Al segundo día, de madrugada, llegó a la frontera. Cuando el oficial de la gendarmería de aduanas salió de su puesto, requerido por los dos subordinados que vigilaban el paso, se encontró a los dos agentes parados, con sus subfusiles en bandolera, como abducidos por la mirada de una mujer que se mantenía frente a ellos en medio del perfecto círculo de luz amarilla que la lámpara que iluminaba la entrada al pasadizo de torniquetes, trazaba en el pavimento. Las tres figuras estaban quietas y en completo silencio… Pero ¿qué hacéis ahí pasmados…? Les grita el oficial a los dos gendarmes absortos… ¡Mi teniente!… Sí, perdón, mi teniente, dice que quiere pasar al otro lado… Contesta uno de ellos… ¿Quién y por qué…? Replica el oficial… Viene de las montañas… ¿Es que estos montañeses no se enteran de nada…? Se queja. ¿Les parece poco lo que hemos tenido estos días aquí…? ¿No sabe que está cerrado el paso y, más, a estas horas…? Dice que su hijo la está llamando desde el otro lado; que lo hace desde una ventana con barrotes de hierro… El oficial se acerca al círculo de luz y queda inmediatamente prendido de la natural y altiva dignidad que emana de aquella figura y de aquella mirada. Y, preso de un temor supersticioso, les grita a los dos agentes a su cargo: ¡Dejad pasar a esta loca!… Dios bendice a los locos, no seré yo quien me interponga en su camino… ¡Que se encarguen ellos de despacharla a su casa!… Los gendarmes se apartan con un respeto y recogimiento que no gusta nada al oficial, y la madre atraviesa el estrecho pasillo de torniquetes, perdiéndose, por unos segundos, en la breve penumbra que se extiende hasta el borde de los nuevos círculos de luz que forman, sobre la explanada que separa ambos puestos, los potentes focos que, desde la otra parte, vigilan el paso.

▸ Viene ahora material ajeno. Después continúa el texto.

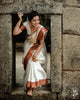 White & Red Palkhi Archaic Traditional Kanchi Soft Silk Sari With Attached Blouse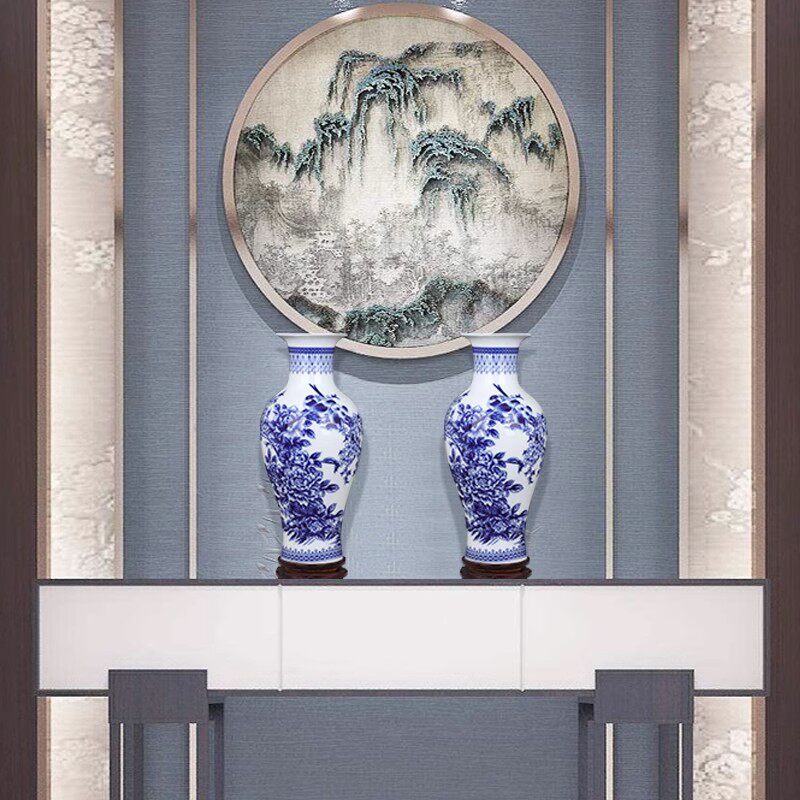 鸡毛掸子收纳瓶插鸡毛掸子的花瓶仿古青花瓷摆件客厅富贵插花干花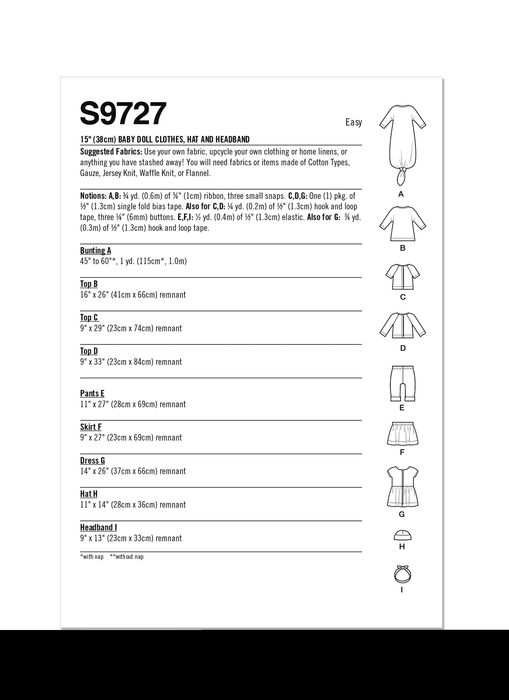 Simplicity 9727 Baby Doll Clothes Sewing pattern from Jaycotts Sewing Supplies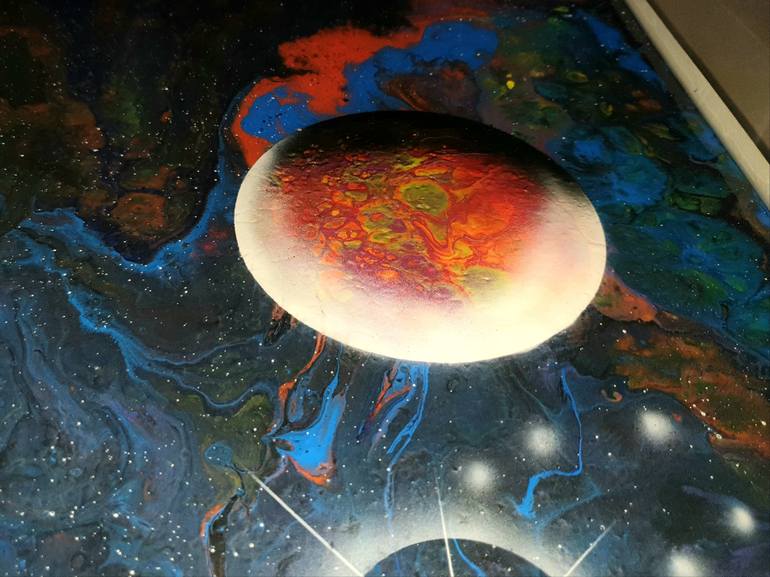 Original Art Deco Outer Space Painting by Baruch KOZODOY Yuliya LEBEDEVA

¡Alto!… Se oye por la megafonía del puesto frontero… ¡Mi hijo me llama!… Dice, ella… ¡Alto!… Repite la voz metálica… ¡Mi hijo espera a su madre!… Repite, ella, a su vez… Y, desde la penumbra de la otra parte, aparecen dos figuras armadas; una se adelanta hacia la madre que busca a su hijo y entabla una breve conversación con ella; los gendarmes y el oficial, empinados sobre los torniquetes, tratan de escuchar lo que dicen, pero es inútil, hay demasiada distancia y hablan en voz baja. Al cabo de unos segundos, la figura que se ha adelantado a hablar con la madre montañesa, grita: ¡Dejadla pasar!… Es una orden taxativa… ¡Al menos, se llevará a casa a uno de ellos!…

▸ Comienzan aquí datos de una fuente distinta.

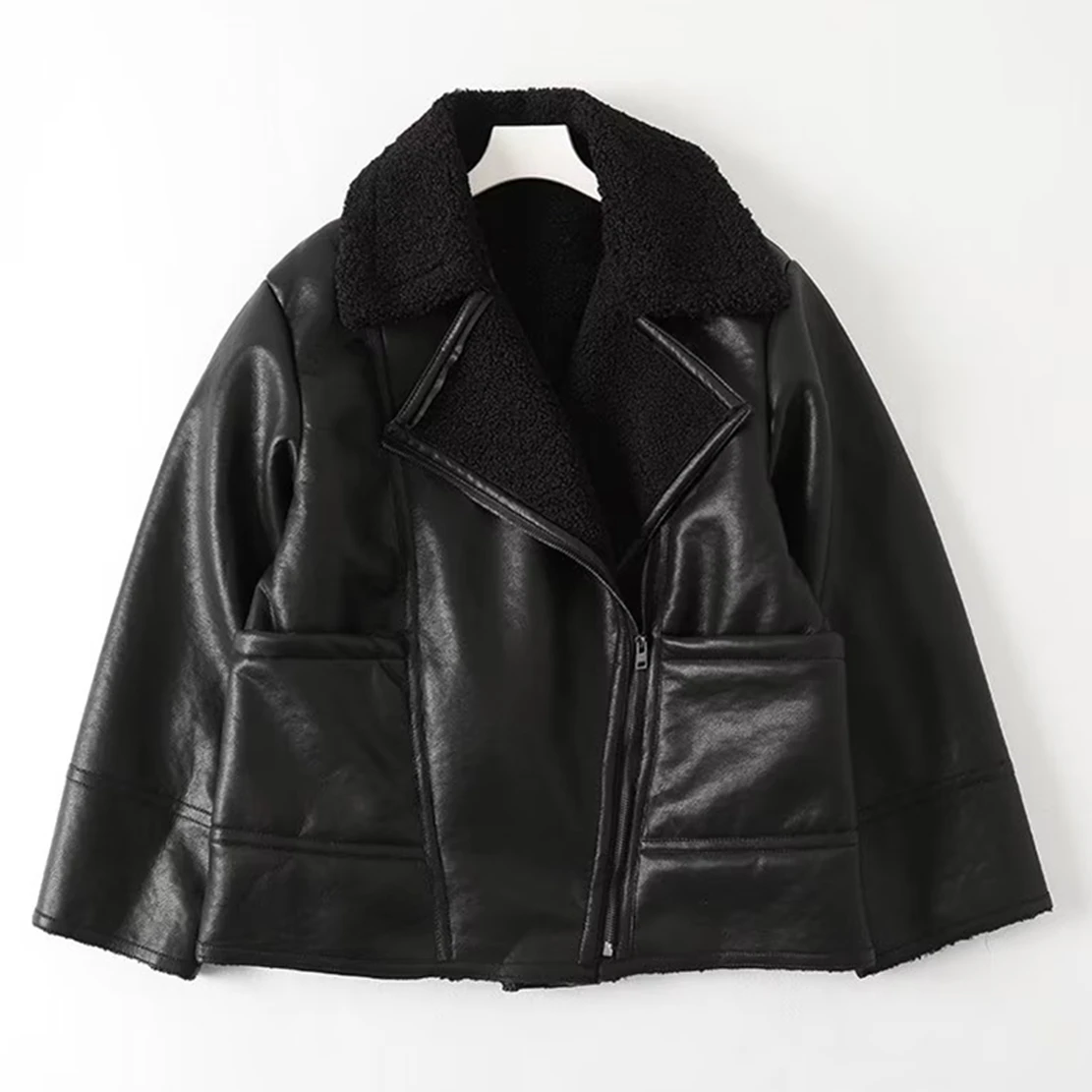 

Jenny&Dave England High Quality Vintage Pockets Sherpa Warm Leather Jacket Winter Coat WOmen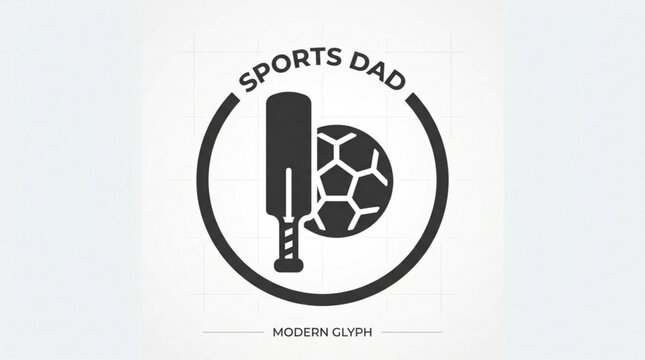 Sports dad icon featuring cricket bat and soccer ball in modern glyph style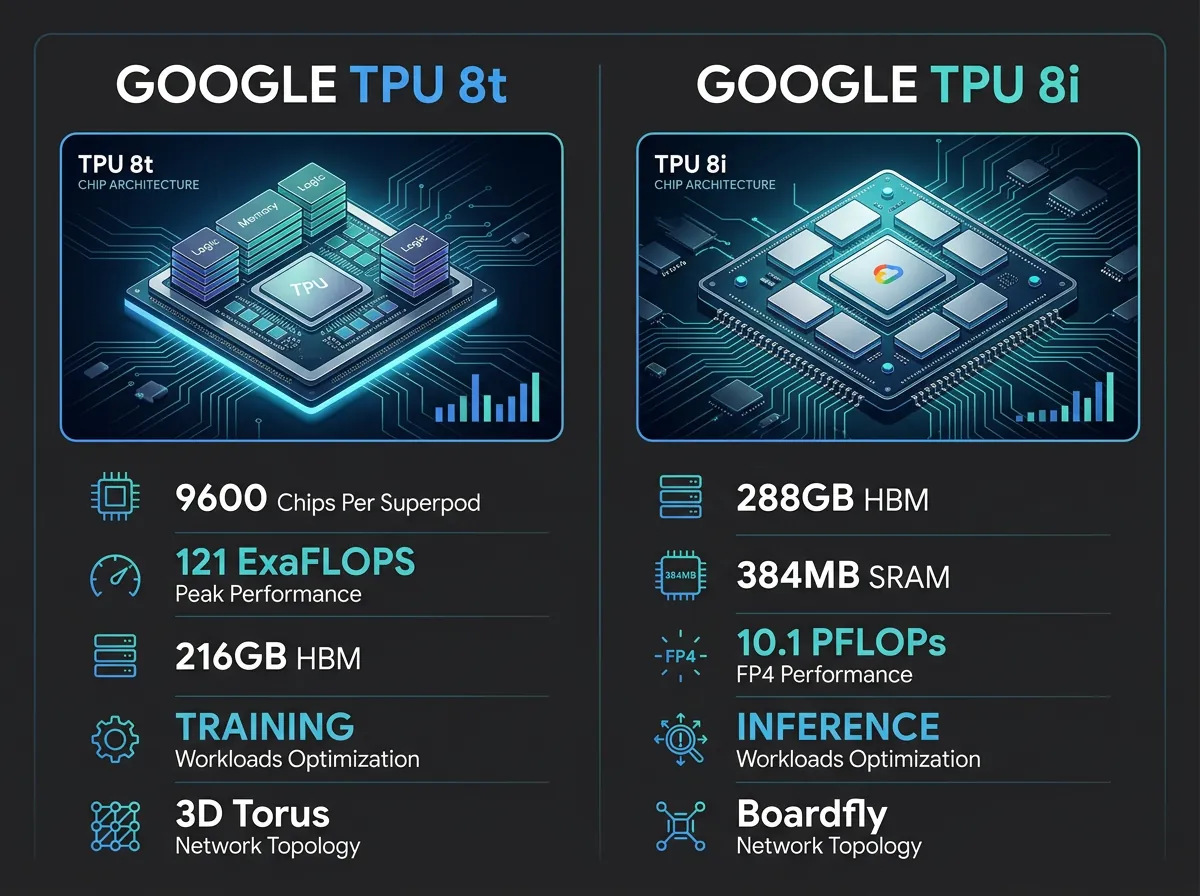 Infografikk som sammenligner Google TPU 8t og TPU 8i spesifikasjoner side om side med ytelse og minnekapasitet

¡Vosotros qué hacéis, a vuestros puestos!… Estalla, de repente, la voz del oficial… ¡Sí, mi teniente!… Obedecen, al instante, los dos gendarmes, que han estado siguiendo la escena de la explanada intermedia… ¡No dejéis que se acerque nadie hasta el amanecer!… Les conmina el oficial… No quiero que nadie me moleste; y, menos, otro montañés loco… Es que es imposible saber cuándo los dejamos pasar y cuándo no… Susurra uno de los gendarmes… ¿Qué cuchicheáis, desgraciados…? ¡Nada, mi teniente!… ¡Que no dejaremos que nadie se acerque y, menos, un montañés loco, mi teniente!… ¡Así es!… Aúlla el oficial, mientras se retira al interior.

Cuando, hacia el mediodía, llegó el coche fúnebre al puesto, procedente del otro lado, eran otros los gendarmes y otro el oficial. Sin embargo, al ver salir y erguirse la imponente figura de la madre montañesa, quedaron tan impresionados, como sus compañeros de la madrugada… Dicen que, cuando llegó al centro de internamiento para menores, se lo encontró muerto, colgado de una ventana con barrotes… Les informa, el nuevo oficial, a los dos gendarmes del relevo, mientras visan los papeles de la repatriación del cadáver. Ninguno podía desviar la mirada de aquella madre montañesa que había llegado, desde tan lejos, y que había recibido la llamada de su hijo, encaramado a aquella ventana con barrotes de hierro. Y quedaron aún más aturdidos, cuando al preguntarle que a dónde se debía dirigir el destartalado vagón de la funeraria, de este lado, que sustituía al flamante vagón que los había traído desde el otro lado, esta contestó con una frialdad que los impresionó y acobardó a todos… Iremos a los palacios del sur… ¿A los palacios del sur…? Exclamaron todos, al unísono, cohibidos y temerosos… Sí, a los palacios del sur… Insistió ella… Lo llevaré en mis brazos, si hace falta…

[1] Antes de leer el relato, conviene saber que Sebta es el nombre árabe de Ceuta y que el tamelhaft y el amendil son prendas de las mujeres bereberes.